■ Activity ■
Print, word for word, the line containing "Zapatilla de ante" and all lines beneath it to the end of the entries below. Pictures do not belong in the copy.
****************************************
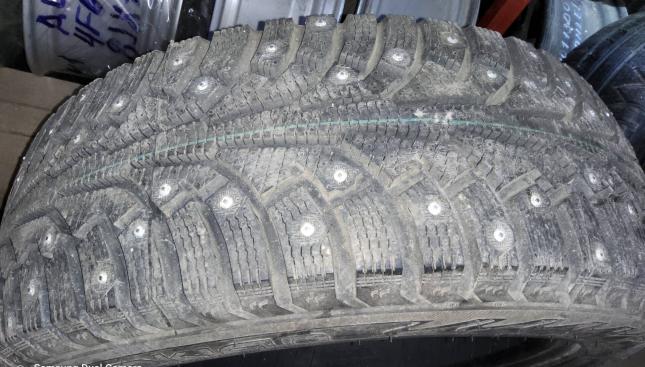 Резина Audi  Nokian Hakkapeliita 5 215/55R17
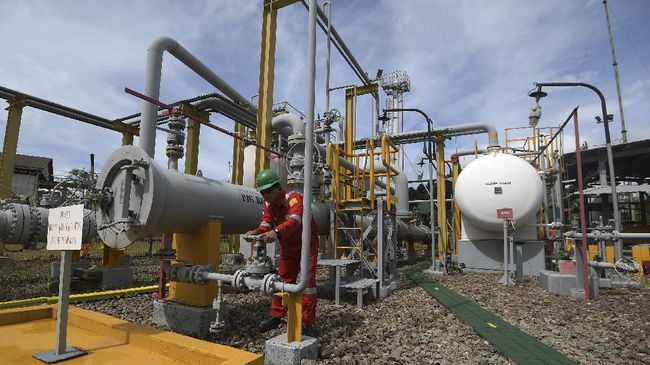 Luhut Sebut Defisit Gas Bisa Diganti Energi Terbarukan 
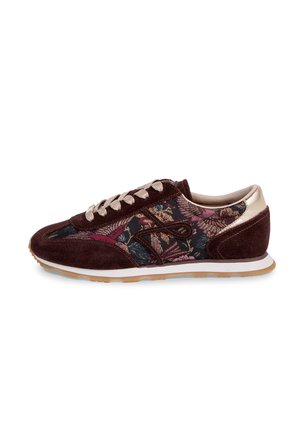 Zapatilla de ante marrón oscuro con tejido de estampado floral, cordones beige y detalle metálico dorado en el talón, mostrada de perfil sobre un fondo blanco.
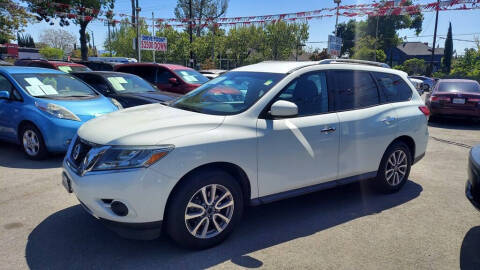 2016 Nissan Pathfinder S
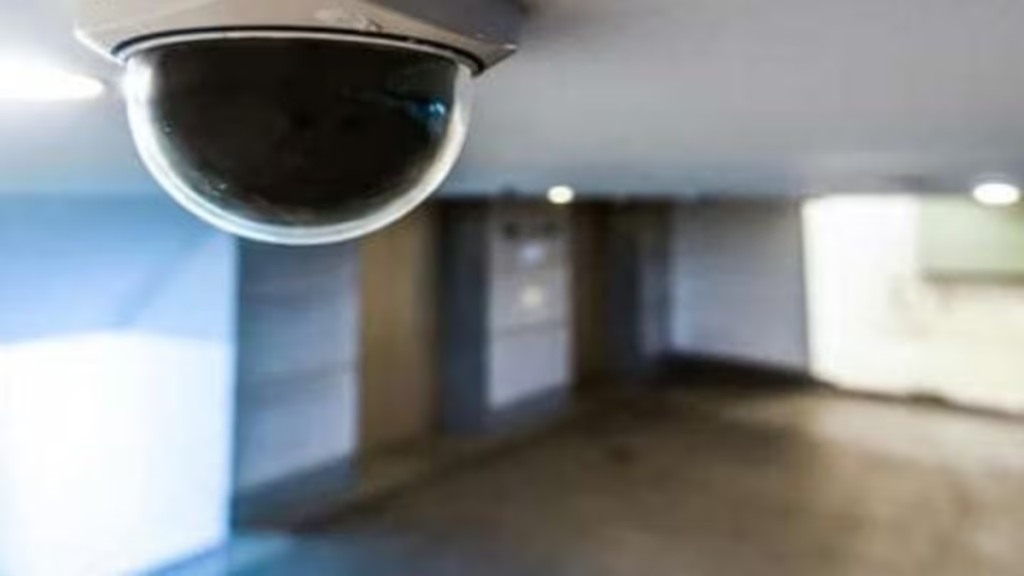 कोचिंग वॉशरूम में छिपे कैमरे से छात्राओं के वीडियो रिकॉर्ड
****************************************
■ Written answer ■
 Zapatilla de ante marrón oscuro con tejido de estampado floral, cordones beige y detalle metálico dorado en el talón, mostrada de perfil sobre un fondo blanco.
 2016 Nissan Pathfinder S
 कोचिंग वॉशरूम में छिपे कैमरे से छात्राओं के वीडियो रिकॉर्ड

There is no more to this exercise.